Florida State Colleges

There is a total of 41 college campuses in Florida that institute a 100% smoke-free college campus. Their policy entails 100% ban on the use of conventional cigarettes. Areas of the policy include the following; campuses, parking lots, college-sponsored off-campus events and campus owned vehicles. Depending on the policy, e-cigarette use may be prohibited.

==== California Community Colleges ====
In May 2018, the Board of Governors voted to make all California Community Colleges tobacco free. A number of California Community Colleges had already made this policy change on their campus or had been working toward the goal of a 100% smoke and tobacco free policy. The rationale of the Board of Governors to pass this included reasons such as: tobacco is responsible for about 1 in 5 deaths, there is no safe level of secondhand smoke, and smoking on campus can lead to secondhand smoke entering buildings via open doors or windows and exposure when walking by a smoker.

==== California State Universities ====
In 2016, Governor Jerry Brown vetoed legislation that would have banned smoking on all California State University (CSU) campuses believing that the campuses should make their own individual policies. In April 2017, the CSU Chancellor's office issued an executive order making all CSU campuses smoke and tobacco free.'

== Effectiveness ==
In recent years, tobacco free campuses has been recognized by the American Cancer Society's Tobacco-free Generation Campus Initiative. In cooperation with the CVS Health Foundation, since its foundation in 2016 the ACS has provided over 97 grants up to $20,000 to colleges across the country.
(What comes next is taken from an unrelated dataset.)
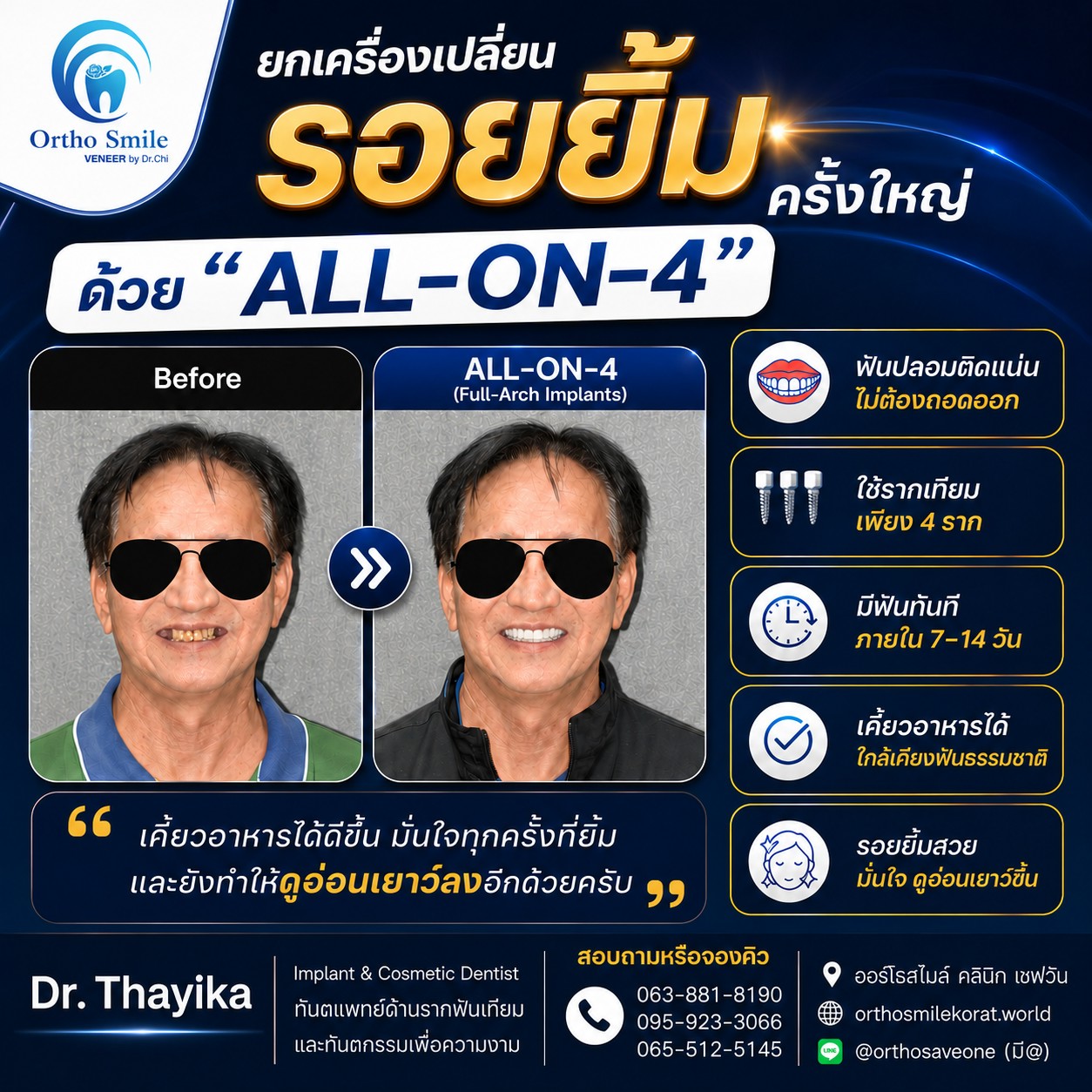 ยกเครื่องเปลี่ยนรอยยิ้มครั้งใหญ่ด้วย All-on-4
=== Other Policies to Limit Tobacco Use ===
Many schools are helping students quit using tobacco on campus by providing counseling, online support, and nicotine replacements such as gum, patches, and lozenges. A 2014 survey found that 55% of responding Student Health Center staff asked their patients about their tobacco use at every visit, and 80% offered counseling to students who wished to quit. According to this survey, 54% of health care providers were specifically trained in effective intervention.
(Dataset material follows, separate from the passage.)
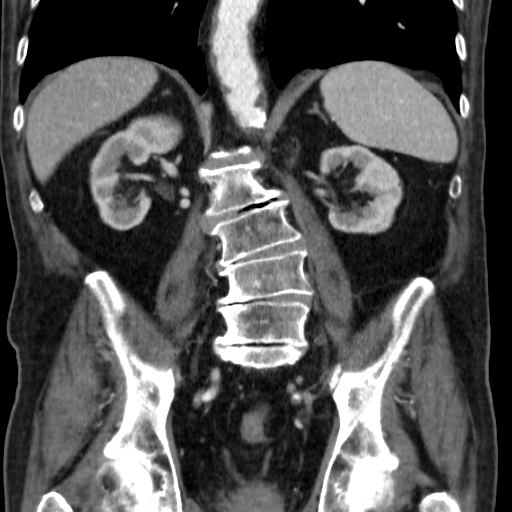 File:Colon cancer with duodenal invasion (Radiopaedia 16278-15958 B 40).jpg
=== Cessation programs vs. restricted availability ===
Cessation programs that educate, inform, and influence users to quit smoking are often posited as alternative to tobacco bans. A 2005 study found that restriction of tobacco distribution and restriction of smoking within 20 feet of entrances were not as effective as smoking cessation programs in decreasing college students' smoking. When prevention-oriented education was present on college campuses, students were 23% less likely to smoke compared to their peers who were not exposed to this kind of education. On the other hand, a 2015 study found a negative correlation between policy strictness increased and exposure to secondhand smoke, suggesting harsher policies such as tobacco bans may be more effective.
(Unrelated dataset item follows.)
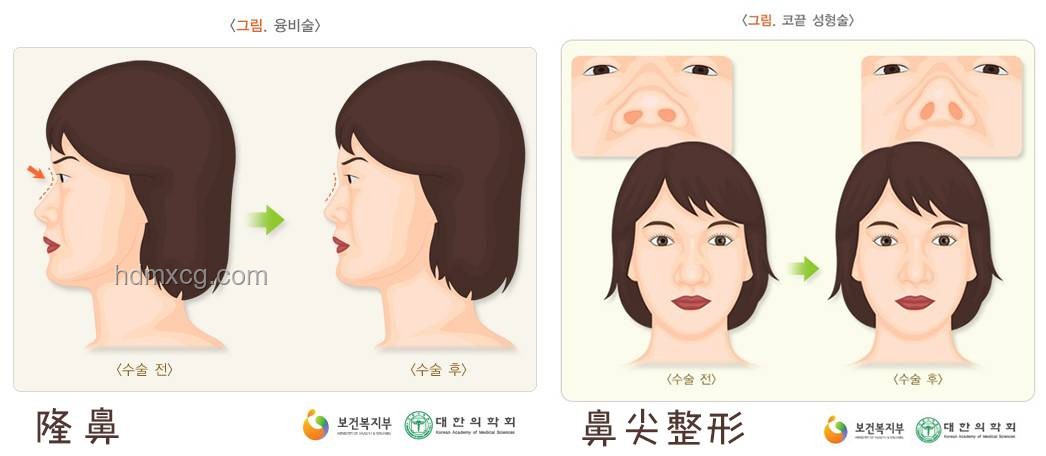 高鼻梁的秘密：解锁美的标准与自我认知之旅👃✨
=== Challenges to Tobacco Free College Policies ===
Tobacco policies may be less effective in areas of poverty and in community colleges. In 2014, an observational study performed by numerous tobacco truth organizations indicated areas where progress was more inhibited than others. Data collected indicated only 19% of community colleges in the U.S. had implemented a comprehensive tobacco-free policy and only one-third of historically black colleges. In an effort to improve these low statistics, an effort called the College Initiative Program was Established which created a 5-step program which included 135 institutions to help create successful tobacco-free policies. By 2017, it was found that 87% of the 135 participating colleges had either started or finished in creating successful anti-tobacco/smoking policies. Some have used this to argue that community colleges and poverty-stricken locations simply lack funding and opportunity to develop educational policies and programs. A study published in 2020 has found that social norms, smoking status, second-hand smoke exposure, and socio-demographic factors all play a role in determining the attitudes and behaviors of students, staff and faculty towards smoke-free campuses and in turn can affect the success of tobacco-free campus initiatives.